Decide whether you"ll need double acting (power advance/power return) or single-acting (power advance/spring or gravity return). Either of these two types still leaves you with other options like advance/hold/retract, advance/retract or advance/dump. These are the most common valve types requested. The options beyond these we will cover in another blog article. Here"s an excellent guide from Powerteam on choosing the right valve to help you understand all the valve types and possible applications.

Find the specs - Most manufacturers have every spec you could need to know published in catalogs and on the web, many can be found here on GustinInc.com. You can also calculate the volume of your cylinder with this calculator here. Never chose your reservoir size too closely to the size of your cylinders. Having a larger tank is almost always better for a couple reasons: 1. Over time hydraulics leak. They often leak slowly enough that it makes it hard to detect or easier to ignore. If you run the tank dry, you can introduce air into the pump element and cause the damaging scenario of cavitation in any high RPM unit. 2. Heat. The larger the oil tank, the easier it is to dissipate the heat developed by higher pressure and continuous use. With double-acting cylinders, consider in your calculations the oil on the top side of the piston that returns back to the tank as the piston is extended.
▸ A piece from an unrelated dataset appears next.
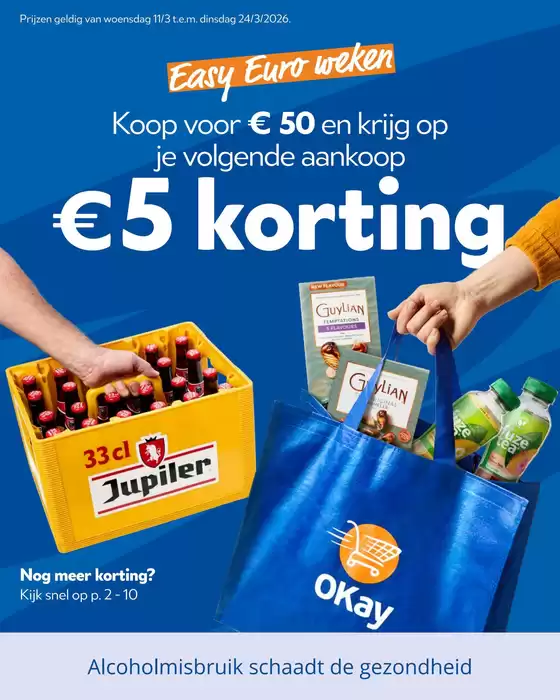 Catalogue OKay Supermarkt à Namur | Volgende folder - NL | 2026-03-11T00:00:00.000Z - 2026-03-24T00:00:00.000Z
These are the basics, the questions we get most often that can head you in the right direction to making the best choice for a power unit to actuate your hydraulic cylinders. As always, if you still aren"t sure after your investigations, ask an expert. Don"t risk life or limb on a best guess. Working any hydraulic system out properly can save time, money, more money for added repairs due to poorly designed set-up. Most importantly, a well-designed system can improve work environment safety.